10
votes

The docs specify instructions for the integration

What I want is that every time the scheduler stop working it will be restarted by it's own. Usually I start it manually with airflow scheduler -D but sometimes it stops when I'm not available.

Reading the docs I'm not sure about the configs.

The GitHub contains the following files:

airflow
airflow-scheduler.service
airflow.conf

I'm running Ubuntu 16.04

Airflow is installed on:

home/ubuntu/airflow

I have path of:

etc/systemd

The docs says to:

Copy (or link) them to /usr/lib/systemd/system

  1. Copy which of the files?

copy the airflow.conf to /etc/tmpfiles.d/

  1. What is tmpfiles.d ?

  2. What is # AIRFLOW_CONFIG= in the airflow file?

Or in another words... a more "down to earth" guide on how to do it?

3
Not an actual answer to your question, but I find it easier to run Airflow with supervisord.Georgi Raychev

3 Answers

6
votes

Integrating Airflow with systemd files makes watching your daemons easy as systemd can take care of restarting a daemon on failure. This also enables to automatically start airflow webserver and scheduler on system start.

Edit the airflow file from systemd folder in Airflow Github as per the current configuration to set the environment variables for AIRFLOW_CONFIG, AIRFLOW_HOME & SCHEDULER.

Copy the services files (the files with .service extension) to /usr/lib/systemd/system in the VM.

Copy the airflow.conf file to /etc/tmpfiles.d/ or /usr/lib/tmpfiles.d/. Copying airflow.conf ensures /run/airflow is created with the right owner and permissions (0755 airflow airflow). Check whether /run/airflow exist with airflow:airflow owned by airflow user and airflow group if it doesn't create /run/airflowfolder with those permissions.

Enable this services by issuing systemctl enable <service> on command line as shown below.

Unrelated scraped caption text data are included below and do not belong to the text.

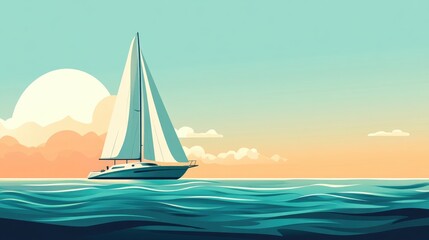 Naklejka premium Sailing Yacht Floating In Tranquil Ocean Sunny Peaceful Sky Serene Atmosphere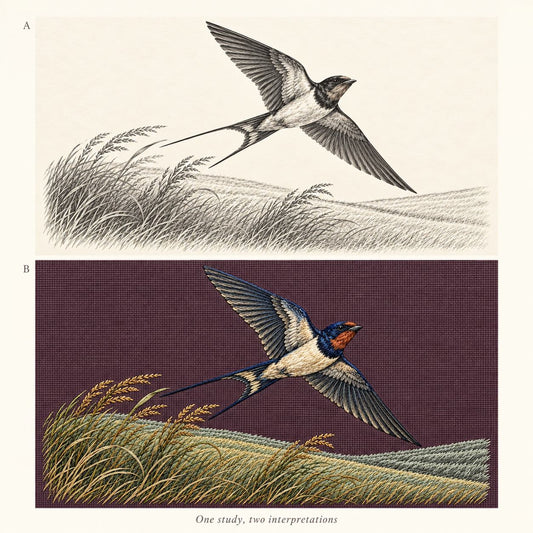 The swallow from Study 01 appears first as a drawing and then as its corresponding embroidery image. The two complete compositions are presented at a matching scale for close comparison.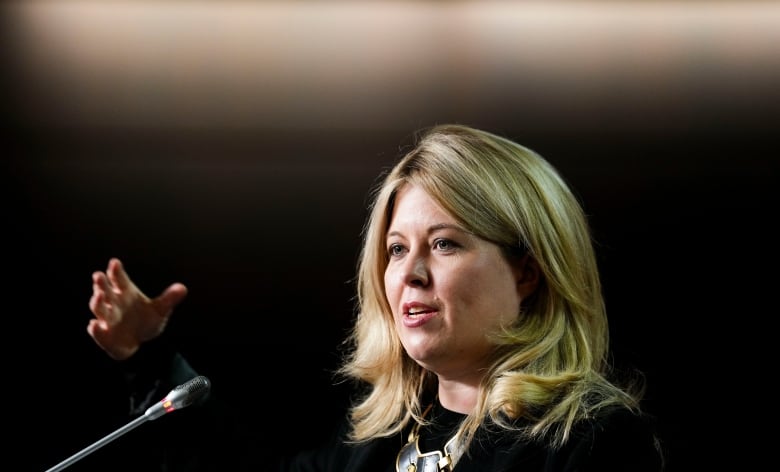 Conservative member of Parliament Michelle Rempel Garner holds a press conference on Parliament Hill in Ottawa on Tuesday, April 5, 2022, to discuss her Private MemberÕs Bill, Bill C-249, the Encouraging Growth of the Cryptoasset Sector Act.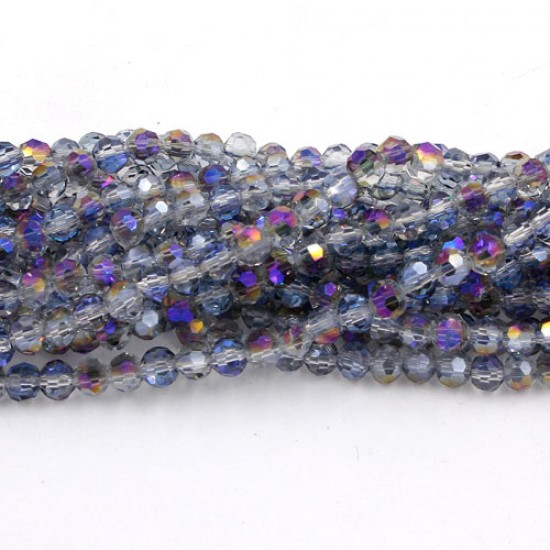 4mm chinese round crystal beads, half purple light, about 95 beads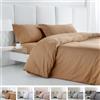 COTTON ARTean Set Copripiumino Terracotta Leuna, 300 Fili di Cotone Egiziano Satinato 200, Fodera Piumone 280 x 240 + 2 Fodere per Cuscini + Lenzuolo con Angoli Adattabile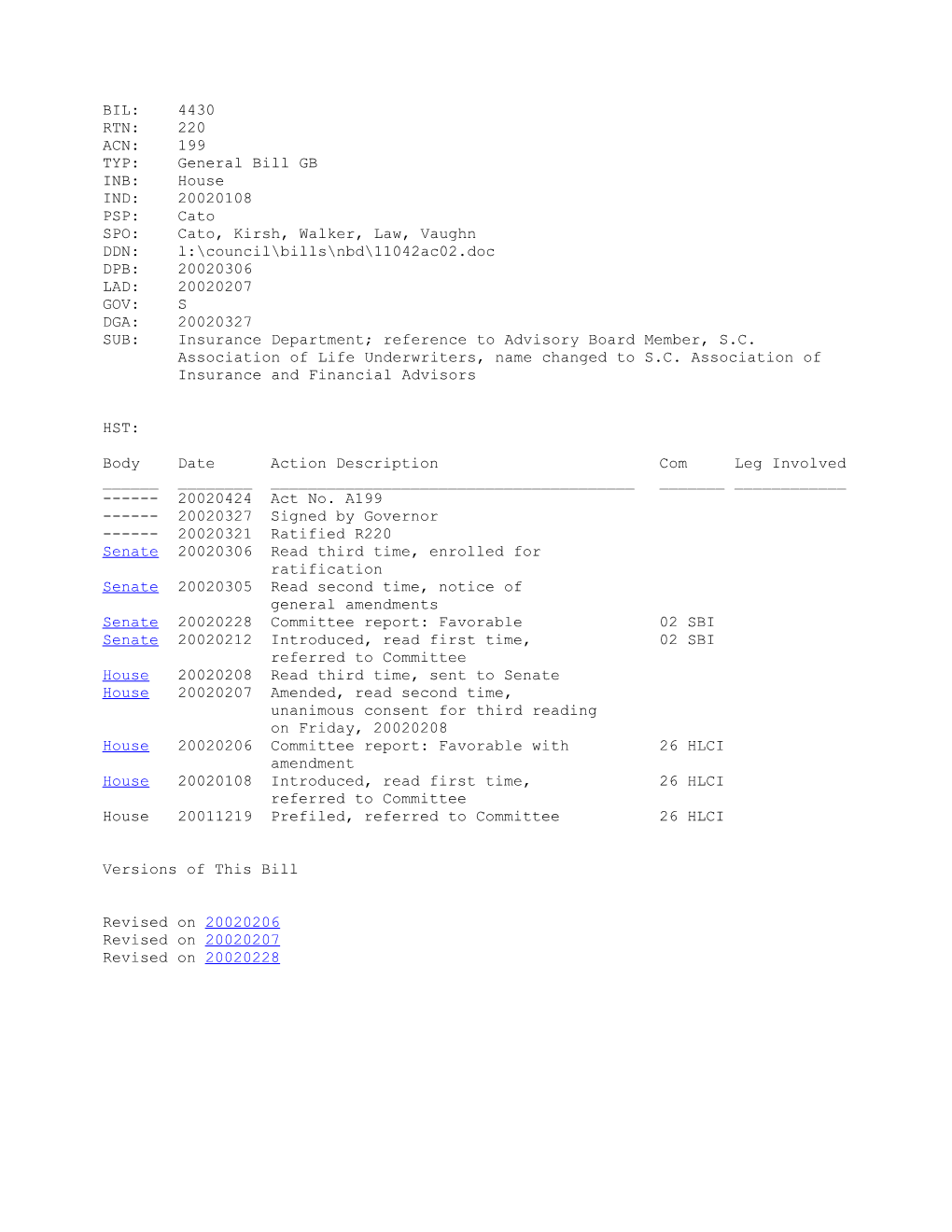 2001-2002 Bill 4430: Insurance Department; Reference to Advisory Board Member, S.C. Association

sudo systemctl enable airflow-webserver
sudo systemctl enable airflow-scheduler

airflow-scheduler.service file should be as below:

[Unit]
Description=Airflow scheduler daemon
After=network.target postgresql.service mysql.service redis.service rabbitmq-server.service
Wants=postgresql.service mysql.service redis.service rabbitmq-server.service

[Service]
EnvironmentFile=/etc/sysconfig/airflow
User=airflow
Group=airflow
Type=simple
ExecStart=/bin/airflow scheduler
Restart=always
RestartSec=5s

[Install]
WantedBy=multi-user.target
1
votes

Your question dates a little, but I just discovered it, because I'm interested at the moment in the same subject. I think the answer to your question is here.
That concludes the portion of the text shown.